Modya, tell Mary and Emma that I've dedicated a piano piece to each of them. Tell Emma that I've received her wonderful letter, and am very grateful — but I beg leave to reply later, once I'm fully rested from the tiredness I have experienced. Now, except for you, Tolya, Nadezhda Filaretovna and Alyosha, I've decided not to write to anyone for the moment. At one time letters almost made me ill, I had to write so many of them. Tell Nikolay Dmitryevich not to be angry that I'm not writing. I consider that I am in constant communication with them through you.

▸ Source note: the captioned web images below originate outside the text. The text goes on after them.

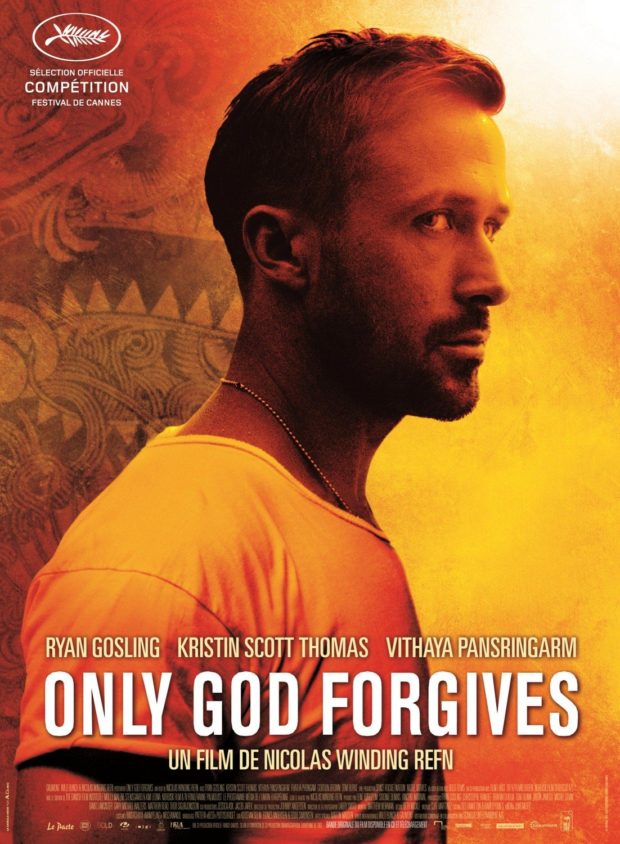 Au cinéma, Only God Forgives est radical et labytrinthique jusque l’acédie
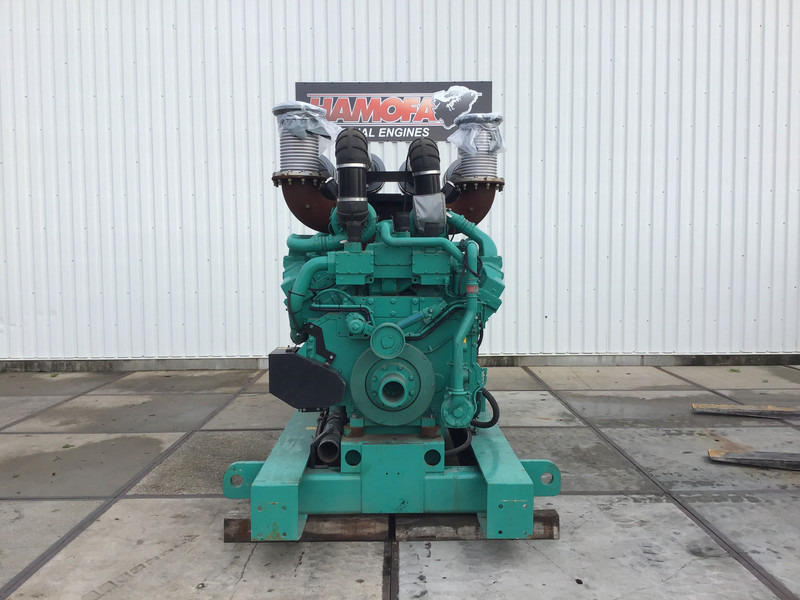 Cummins QSK60-G9 GENERATOR 2813 KVA USED - Elektrický generátor: obrázek 3 Cummins QSK60-G9 GENERATOR 2813 KVA USED - Elektrický generátor: obrázek 3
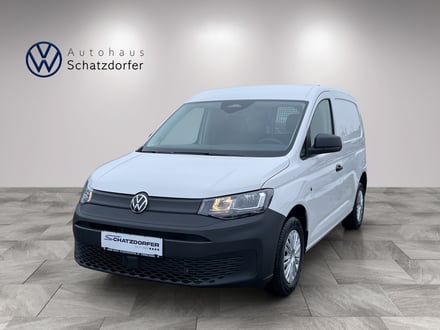 VW Caddy Cargo TDI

Yesterday, Mina, in floods of tears, bade us farewell, and departed for Switzerland. I almost cried myself, saying goodbye to her. Miss Eastwood went to Kiev and returned in a state of wild enthusiasm for Orthodoxy in general, and for the Mikhaylovsky Monastery in particular; she says that if she were a man, she would immediately become a monk. Lyova spent almost the whole of last week in Kiev, returned, and left again two days later. They've rented out the apartment, sold some of the furniture, and are bringing some here. Sasha is expected here next week. I have 2 requests for you, and I ask you to fulfil them exactly: 1) Tell Grisha to carefully look through your linen and see if you happen to have 3 pairs of my excellent Parisian long-johns, which I loved like my own brothers and miss terribly; if they are found, don't send them on, but keep them until we meet in Piter or in Rome. 2) I've decided to have all my books bound, and for this I should awfully like to have the volume of Shakespeare which Kolya took. Couldn't you send it to me? Please, Modya, answer me regarding these last two points.

How glad I am that you have taken up "The Benefactor"; I'm convinced that he will still surface, and cause us all to shout about him. But for God's sake, finish the story; in my opinion this is a story with enormous merit.

Kolya Peresleni is still here under the pretext of the Marienbad waters. We have vint every evening. In the Nikolay Vasilyevich's eyes, Kolya has attained perfection.

And so, farewell, Modichka. I kiss and hug you and Kolya. Kiss Grisha from me. Alyosha wrote me a letter the other day that moved me deeply.

P. Tchaikovsky

Tolya has moved and, apparently, is very happy to be living in his own place.